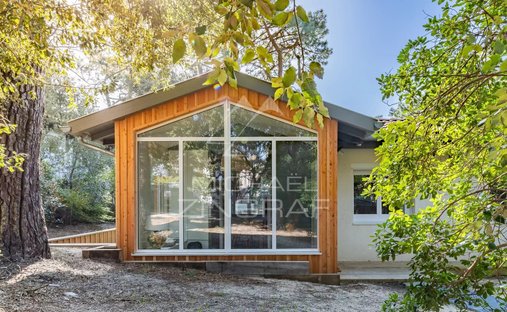 House in Le Pyla, La Teste-de-Buch, France 1
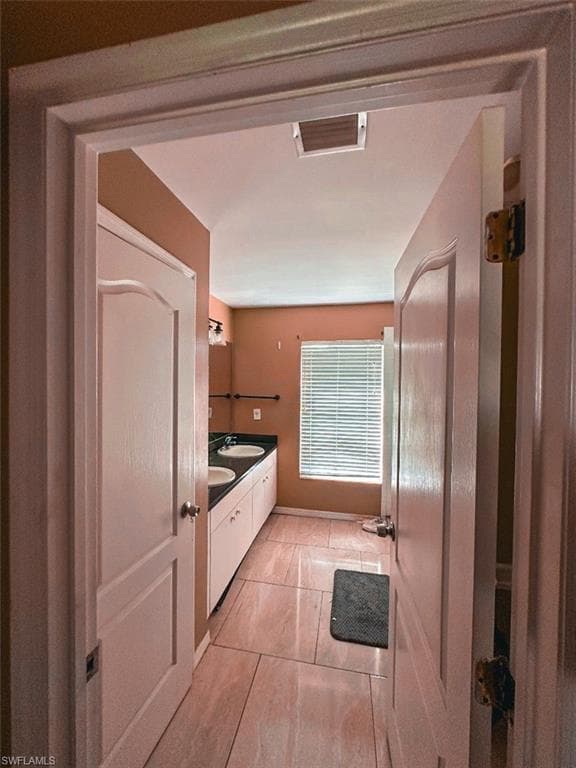 3214 10th St SW, Lehigh Acres, FL 33976-17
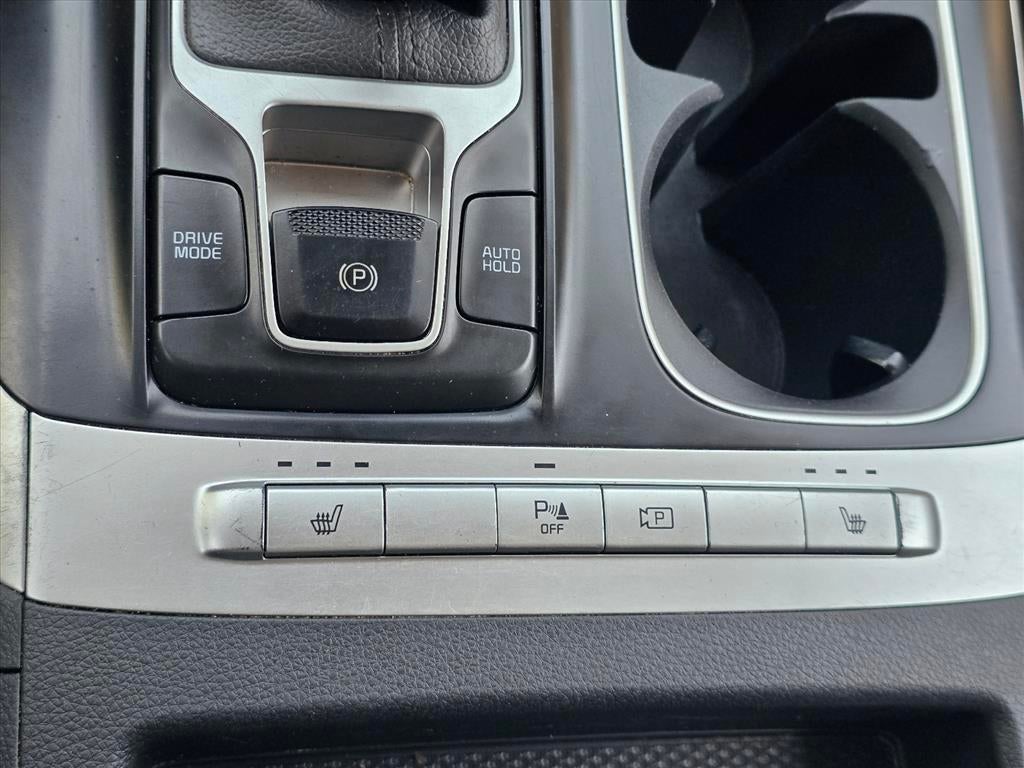 2022 Kia Carnival LXS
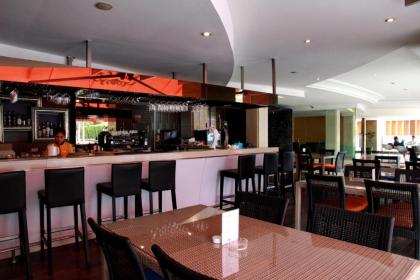 The Duchess Hotel - image 4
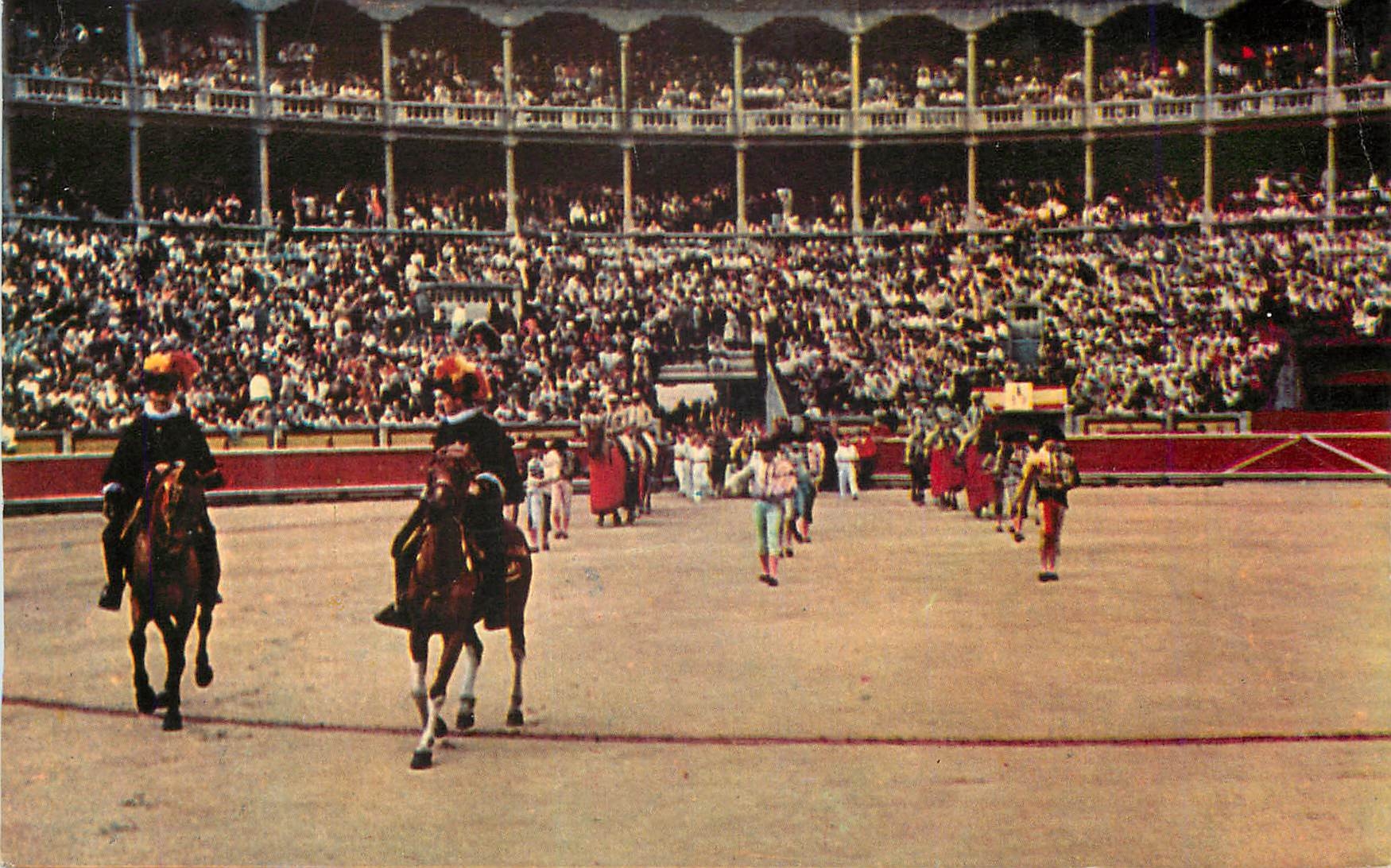 CPM Corrida de Toros le Defile(debut de la fete)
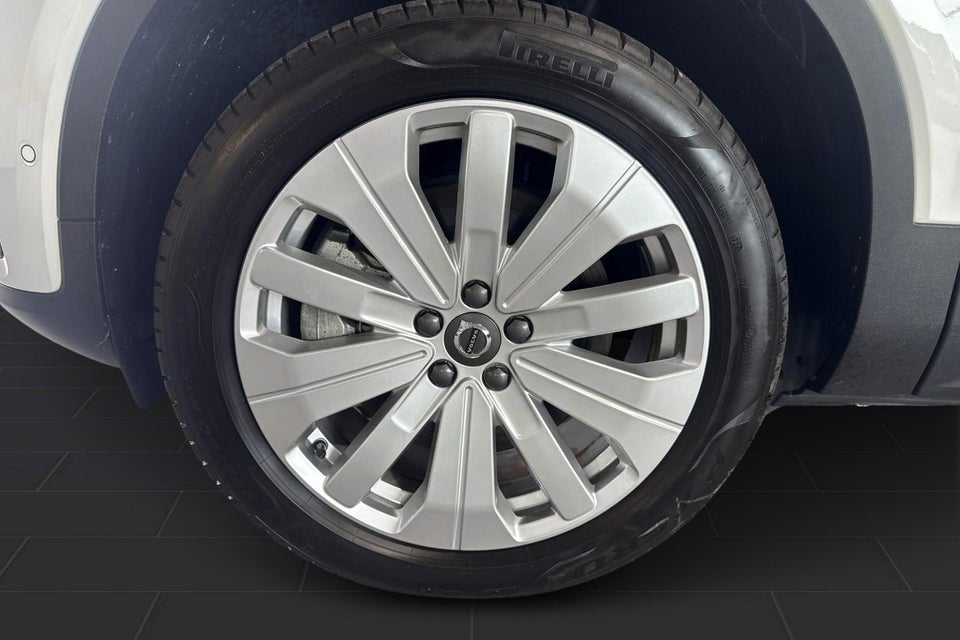 Volvo EX40 Extended Range Core 5d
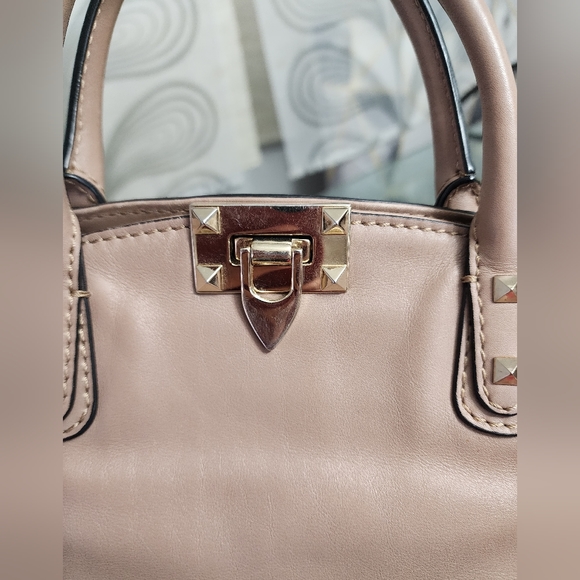 Authentic Valentino - Picture 7 of 12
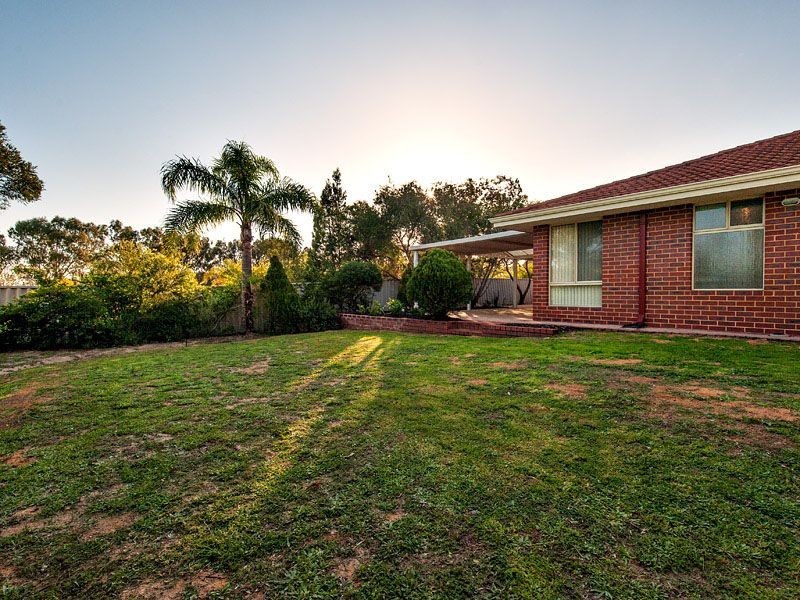 4 Cluelow Rise, Leeming WA 6149
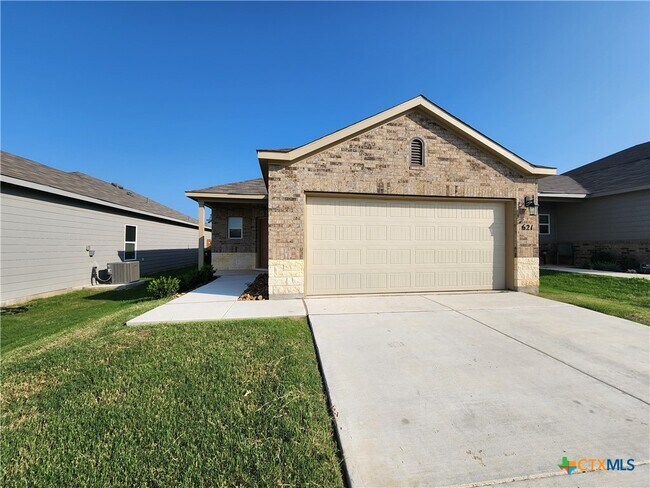 Building Photo - 621 Jennifer Cv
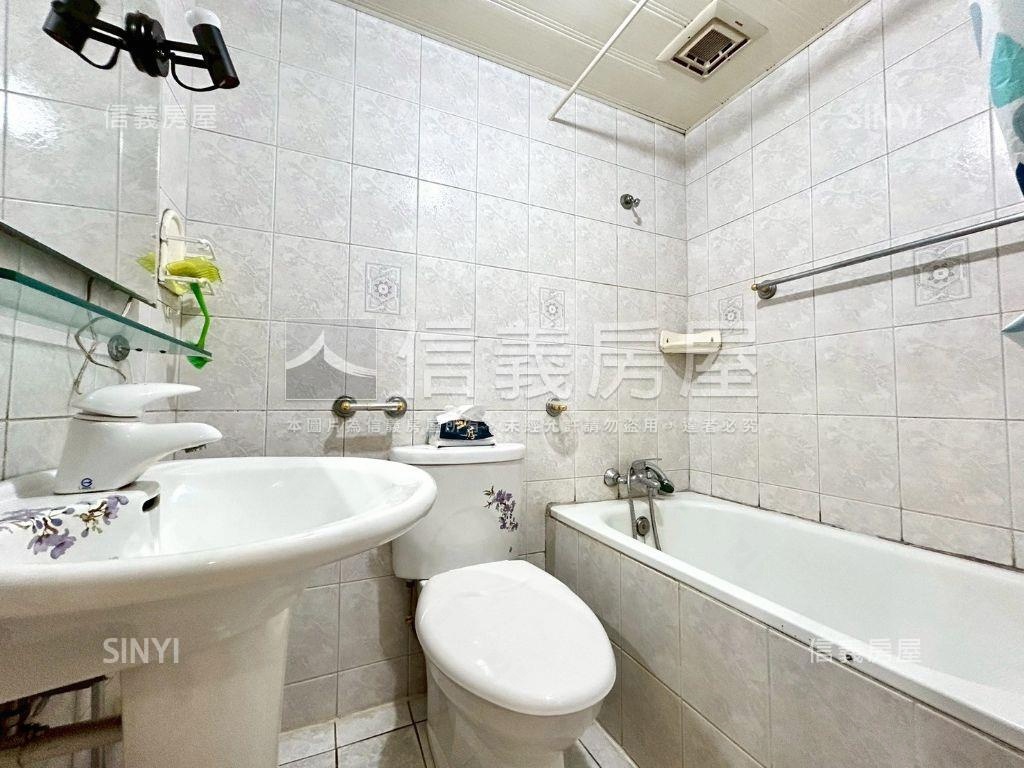 南京三民高樓景觀電梯房屋室內格局與周邊環境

- - - -

- The problem
All the data above is to be transcribed exactly, with no pictures included.

- Result for this exercise
 House in Le Pyla, La Teste-de-Buch, France 1
 3214 10th St SW, Lehigh Acres, FL 33976-17
 2022 Kia Carnival LXS
 The Duchess Hotel - image 4
 CPM Corrida de Toros le Defile(debut de la fete)
 Volvo EX40 Extended Range Core 5d
 Authentic Valentino - Picture 7 of 12
 4 Cluelow Rise, Leeming WA 6149
 Building Photo - 621 Jennifer Cv
 南京三民高樓景觀電梯房屋室內格局與周邊環境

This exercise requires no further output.